2014 GSA Annual Meeting in Vancouver, British Columbia (19–22 October 2014)

Paper No. 194-10
Presentation Time: 10:40 AM

HEAT TRANSPORT IN LOW-TEMPERATURE GEOTHERMAL ENERGY DEVELOPMENTS


FERGUSON, Grant, Department of Civil, Geological and Environmental Engineering, University of Saskatchewan, Saskatoon, SK S7N 5A9, Canada

The use of temperatures to track groundwater flow has grown in popularity in many applications over the past decade. Despite our growing knowledge on this subject, there has been a reluctance to consider advection in the design of low-temperature geothermal developments. Few of these developments have installed monitoring wells or conducted post-audits to assess whether groundwater flow has impacted system operation. Efforts to determine the effect of groundwater flow on these systems has come from modelling, field experiments and natural analogs.

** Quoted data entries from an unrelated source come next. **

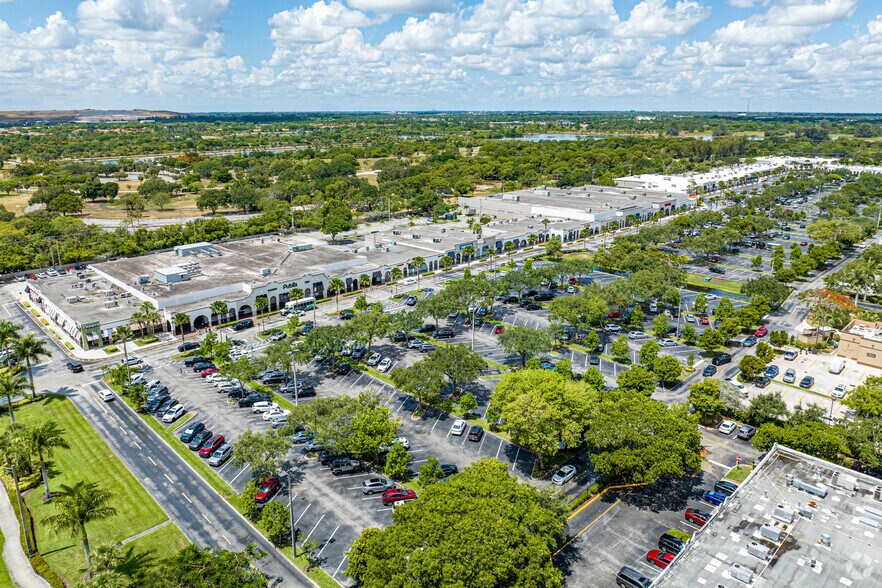 More Photos Of 3660-4060 W Hillsboro Blvd, Deerfield Beach Storefront For Lease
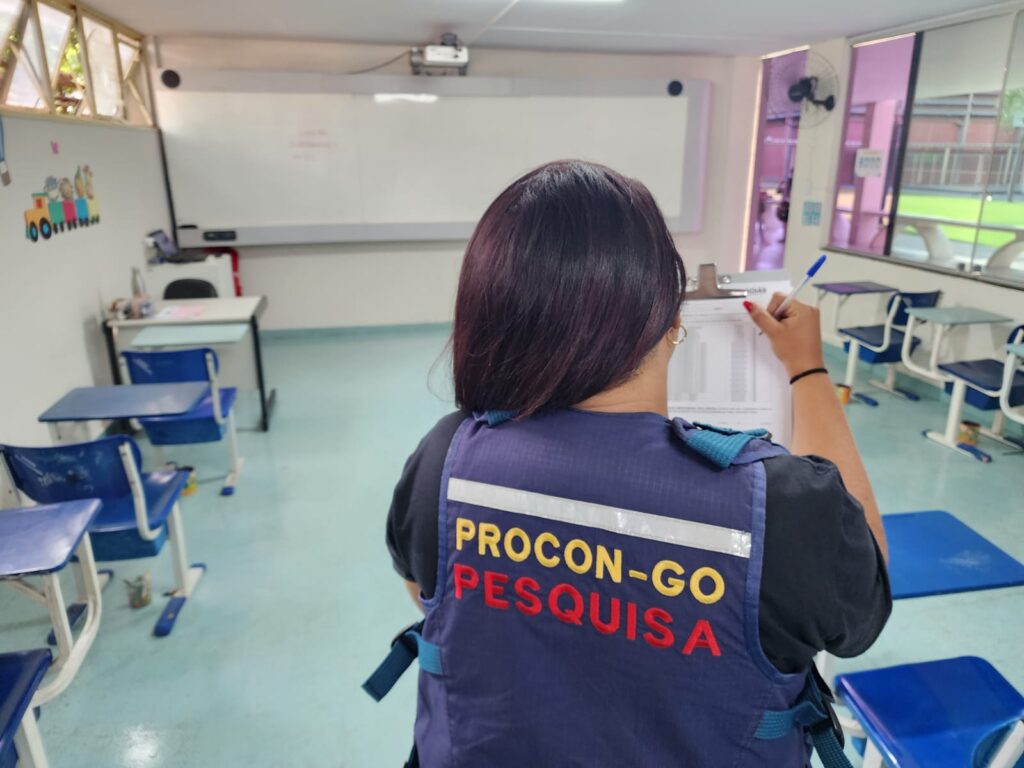 Imagem Ilustrando a Notícia: Procon Goiás identifica variação de quase 170% em mensalidades escolares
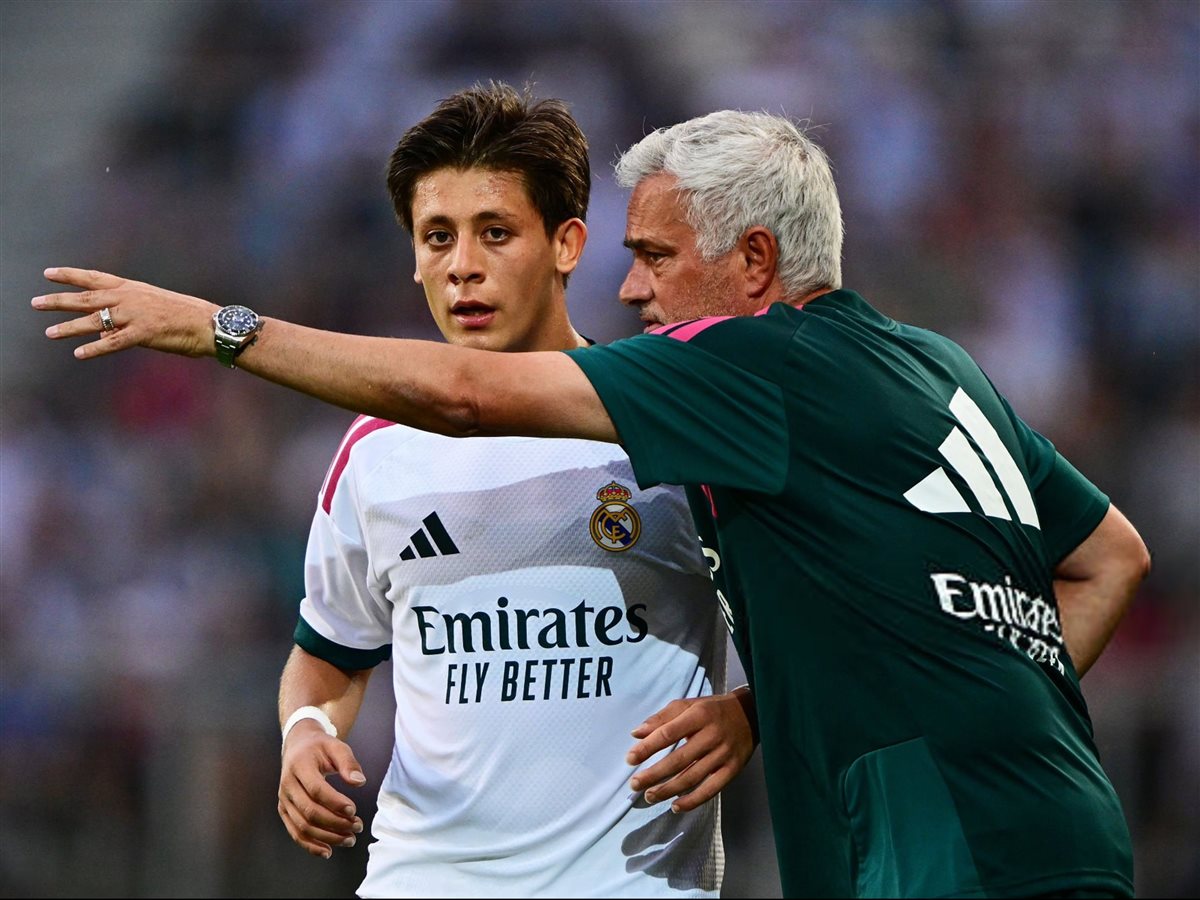 جوزيه مورينيو المدير الفني للفريق الأول لكرة القدم بنادي ريال مدريد الإسباني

Based on these efforts, it appears that groundwater flow is an important consideration where groundwater flow excess 10-8 m/s. This is consistent with other efforts to use heat flow as a groundwater tracer. In such instances, ignoring advection an result in over design of systems. Where the intent of a system is to store heat, groundwater flow could make this infeasible. Use of simple screening methods should allow for delineation of areas where groundwater will effect low-temperature geothermal systems.